His popularity notwithstanding, Khachaturian did not escape the censure of the Soviet authorities. Originating with ideas of the author Maxim Gorky, the only movement in Soviet arts was one of so-called “socialist realism” and Khachaturian (like other composers) was expected to write programme music which was optimistic and socialist in nature, rooted in folk melodies and containing a happy ending which praised the state. It didn’t help that Jozef Stalin himself took an active interest in music; in spite of his busy career from gangster and thug to one of history’s most notorious mass murderers, he is reputed to have had a fine singing voice and liked to comment on pieces of music and to suggest revisions. Khachaturian, like everyone else, knuckled under.
It therefore came as a shock in 1948 when the leading composers of day, including Shostakovich, Prokofiev and Khachaturian, were denounced by the Central Committee of the Communist Party under Andrei Zhdanov for ‘formalism’ – music perceived to be “reminiscent of the spirit of contemporary modernistic bourgeois music of Europe and America”.
Together the composers wrote a grovelling letter of apology to Stalin in which they thanked him for the public rebuke and promised to mend their ways. But the damage was done and Soviet music went into hibernation. The fear of reprisals is said to have hastened the death of Khachaturian’s teacher Myaskovsky and Khachaturian himself was sent to Armenia ‘in exile’. The ailing Prokofiev had further troubles heaped upon him when in the same year his wife was sentenced to 20 years’ hard labour for the heinous crime of sending money to her mother in Spain.

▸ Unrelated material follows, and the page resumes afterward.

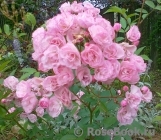 Heavenly Pink Heavenly Pink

Following Stalin’s death in 1953, Khachaturian and others in the All-Union Congress of Composers sought greater musical freedom and in 1958, a party decree formally exonerated the composers mentioned in the 1948 denunciation. By then, Khachaturian was a spent force; following the huge success of his ballet Spartacus (1954), he wrote little else of note and concentrated instead on conducting and teaching.
The Russian conductor Alexander Lazarev tells a colourful story about the middle-aged Khachaturian visiting Salvador Dalí at his castle in Púbol in Spain. He was kept waiting for the eccentric artist, during which time he helped himself to generous quantities of cognac. Being caught short and unable to find a bathroom, he was relieving himself in an ornamental vase when Dalí burst into the room, naked, riding a mop and brandishing a sabre, all to the strains of Khachaturian’s Sabre Dance.
It’s an amusing story but is almost certainly apocryphal; a version also appears in the novelette The Sabre Dance by Mikhail Veller. Compared to the libretto of the ballet Happiness, the story does however have the advantage of being somewhat more plausible.